Indian monastery aids Tibetan monks facing crackdown

The Kirti Monastery in Dharamsala, an Indian hill town home to thousands of exiled Tibetans, has become a crisis center for the turmoil at its sister monastery under lockdown in Sichuan, China.

In this June 30 photo, Tibetan Buddhist monks watch television at the Kirti Monastery in the hill station town of Dharamsala, northern India.

Kevin Frayer/AP

July 11, 2011

Perched on a hill in northern India, Kirti Monastery overlooks a picturesque green valley carpeted with Himalayan cedars. All appears peaceful.

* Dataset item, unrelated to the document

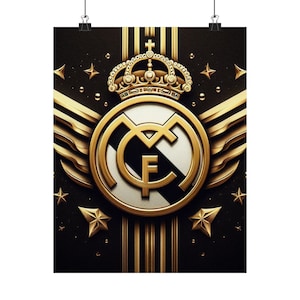 Real Madrid Poster Gold Real Madrid Logo Wanddekoration Real Madrid Liebhaber Matt Vertikales Poster Fußballliebhaber Raumdekoration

But the serene image belies the crisis response management happening inside, where two monks work all hours to gather news from Tibetan monks they say are under government lockdown across the border in China. Buddhist monasteries are not normally crisis communications centers, but Kirti has assumed that role in an effort to aid the monks at its Tibetan sister monastery of the same name in southwest China.

The ad hoc effort at the monastery in India shows how technology and savvy on the part of a few can circumvent China’s stringent communications clampdowns. Nevertheless, “uncensored communication links from Kirti are fragile, discrete, and under constant threat of surveillance and disruption by Chinese government authorities and security forces,” says Phelim Kine, senior Asia researcher at New York-based Human Rights Watch.

On March 16, just after the 52nd anniversary of Tibet’s failed uprising against China in 1959, a young monk from Kirti Monastery in Amdo Ngaba, a Tibetan district of Sichuan, set himself on fire as a form of protest. Shortly after the monk’s death, Chinese placed the Amdo Ngaba monastery and its approximately 2,500 monks on lockdown. Nearly four months later reports indicate that conditions remain tense.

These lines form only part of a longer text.